Data records:
——————————

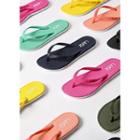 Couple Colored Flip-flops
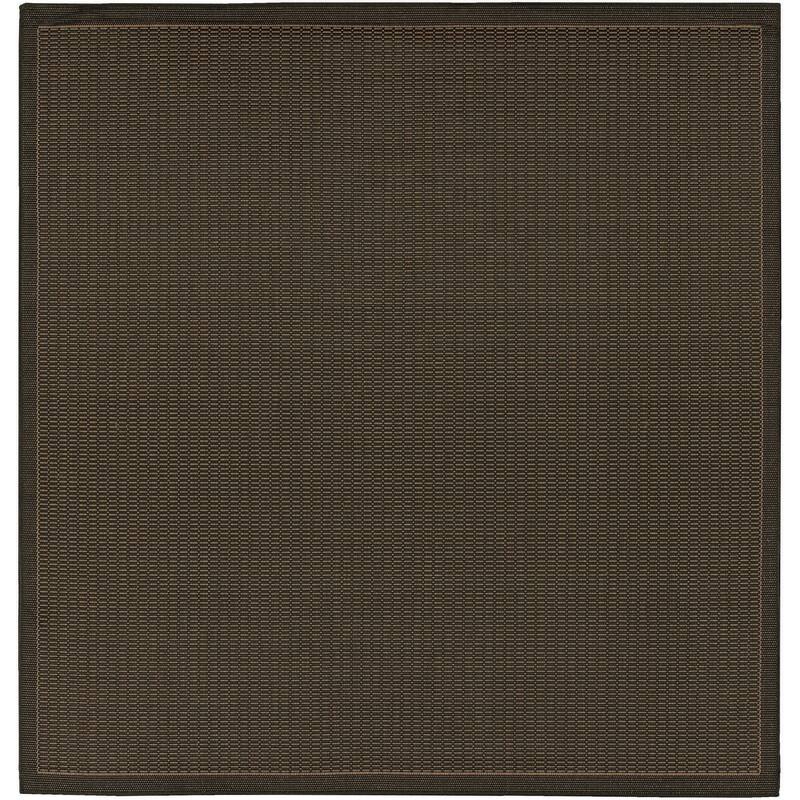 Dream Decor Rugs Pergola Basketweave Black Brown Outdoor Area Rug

——————————

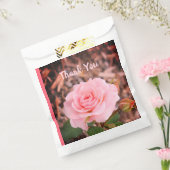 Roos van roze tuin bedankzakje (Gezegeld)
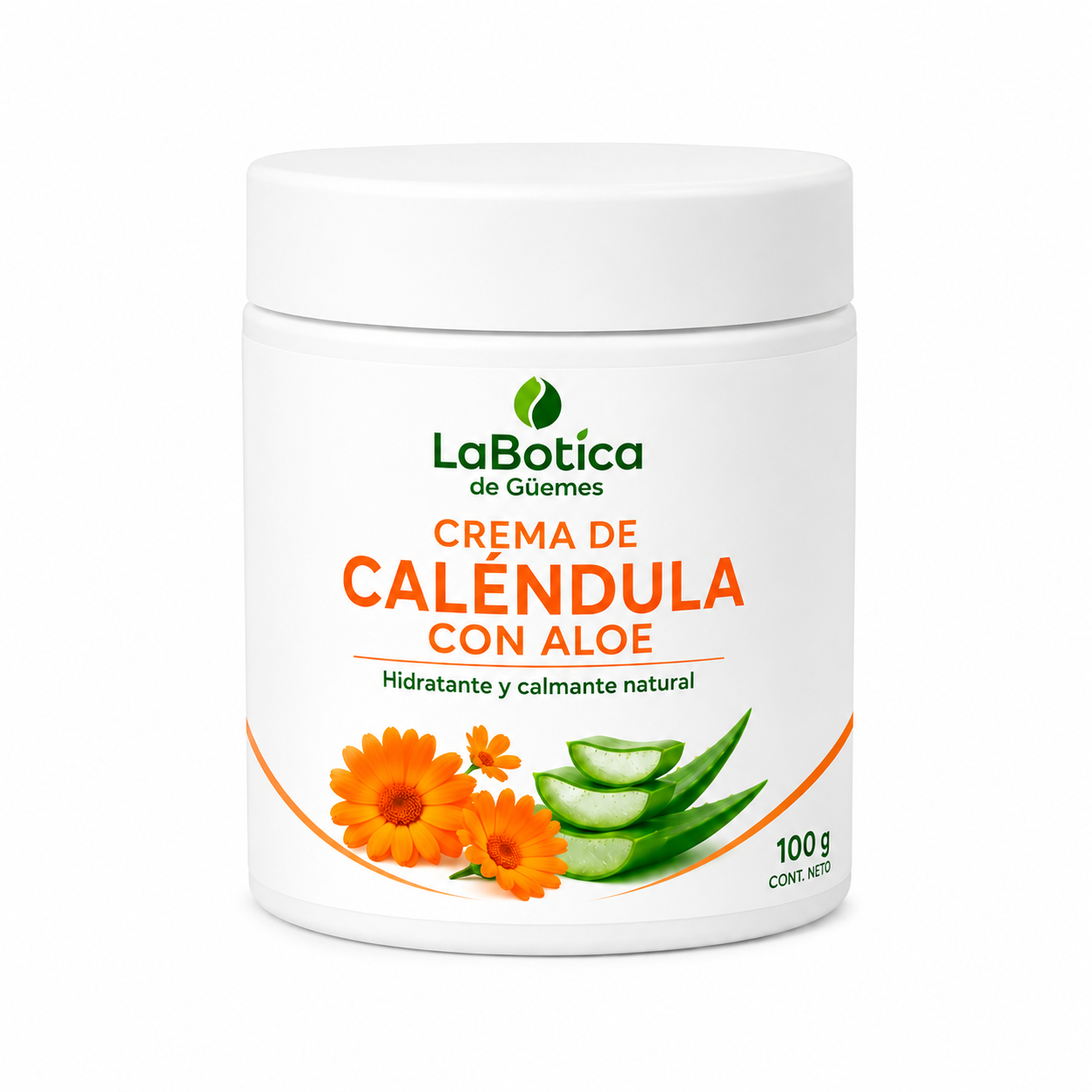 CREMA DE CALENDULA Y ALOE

——————————

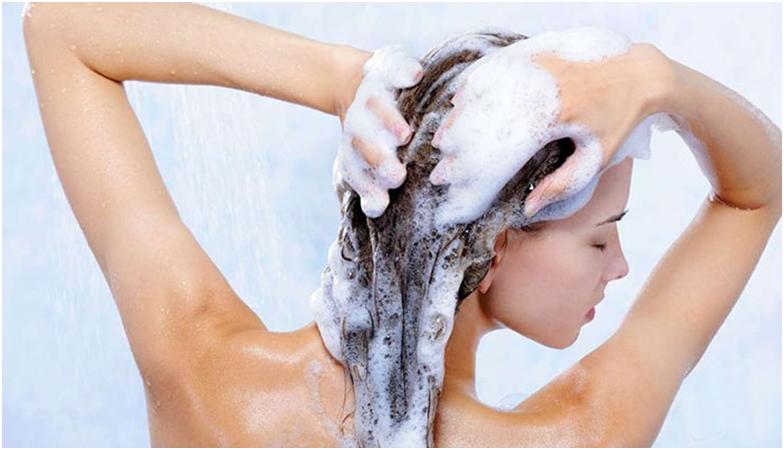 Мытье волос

——————————

Exercise aim: With the pictures omitted, copy exactly the lines of the listing above starting at the line containing "Couple Colored Flip-flops" and ending at the line containing "Dream Decor Rugs", both included.

Your response:
 Couple Colored Flip-flops
 Dream Decor Rugs Pergola Basketweave Black Brown Outdoor Area Rug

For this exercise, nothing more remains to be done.